The Discussion: 6 Comments

As should journalism classes, as a example of effect of the liberal bias in the mainstream media.

June 17, 2004 @ 12:23 am | Comment

Yeah. I can see the course offering now.

Case studies in demagoguery and self-aggrandizement: Michael Moore playing to the mob

June 17, 2004 @ 4:16 am | Comment

Moore could very well be borrowing from the Gibson’s Passion playbook. Make a movie about a hugely controversial topic. Makes sure the people most likely to be offended hear about it. And then sit back as the outraged hordes flock to the box office.

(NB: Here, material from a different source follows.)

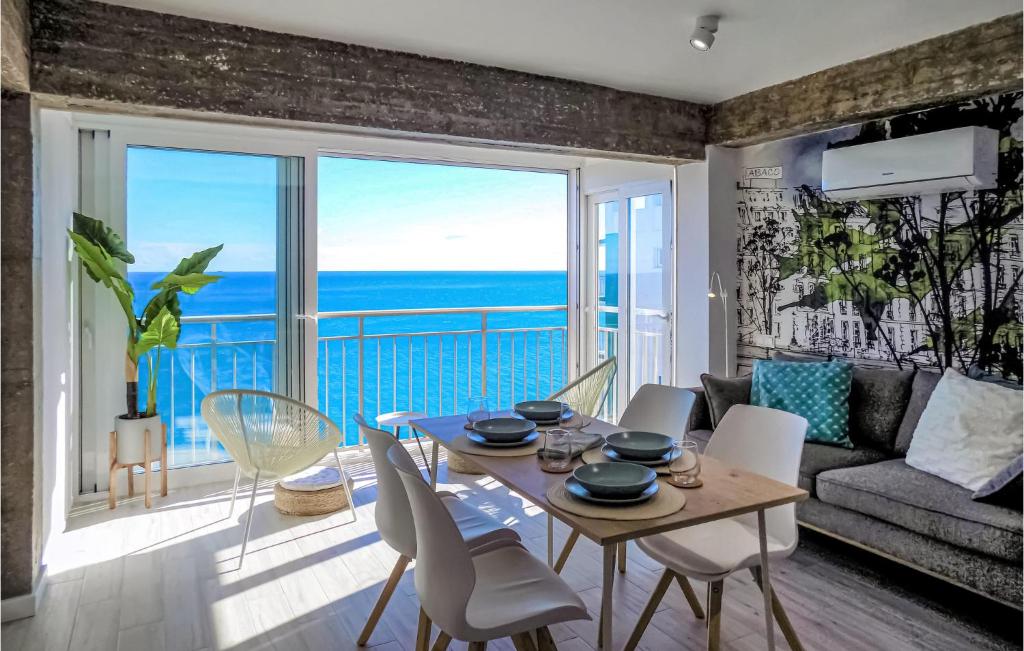 Sala de estar con mesa y vistas al océano en Cozy Apartment In Oropesa Del Mar With Outdoor Swimming Pool, en Oropesa del Mar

As the saying goes, there’s no such thing as bad publicity.

June 17, 2004 @ 4:19 am | Comment

Michael, unfortunately those are, in part, what PR is about. Most of the PR, however, was not about self-aggrandizement. It was about the film’s content, in terms of the MPAA rating system, and about Disney’s refusal to allow Miramax to distribute the film. Therein lies the real marvel of this episode: Moore could just stand on the sidelines, and new life kept getting breathed into the story.

June 17, 2004 @ 7:50 am | Comment

You’re right Richard, Moore is a PR machine unto himself. I keep meaning to blog on his movies – the Big One and Bowling for Columbine have been on cable a lot lately – but I think the better PR geniuses are the companies that handle his guerilla tactics well.

In The Big One, Nike’s CEO Phil Knight met Moore and held his own in a one-on-one interview. Yes, Moore kept bringing up his point – bring jobs to Flint – but Knight’s arguments rang true – they say they want the jobs, but they don’t want these type of low-level jobs.

That’s the PR victory – taking the fight to Moore. Plus, statistics lie, and he likes to use statistics a lot.

June 17, 2004 @ 10:08 am | Comment

Moore abuses statistics without shame, and Spinsanity has taken him to task many times for fiddling with history to get his points across. Where I hear this film differs from his past efforts is that it’s mainly clips that speak for themselves, with little of Moore’s typical bloviating. We’ll see.

Conrad, as to it being a case study on the power of liberal media — more noise has been made about this movie by Matt Drudge than anyone else. Conservative blogs all piped in too, contributing to the groundswell of publicity. Oh, and I hope you saw the Fox News review! Left wing media — indeed.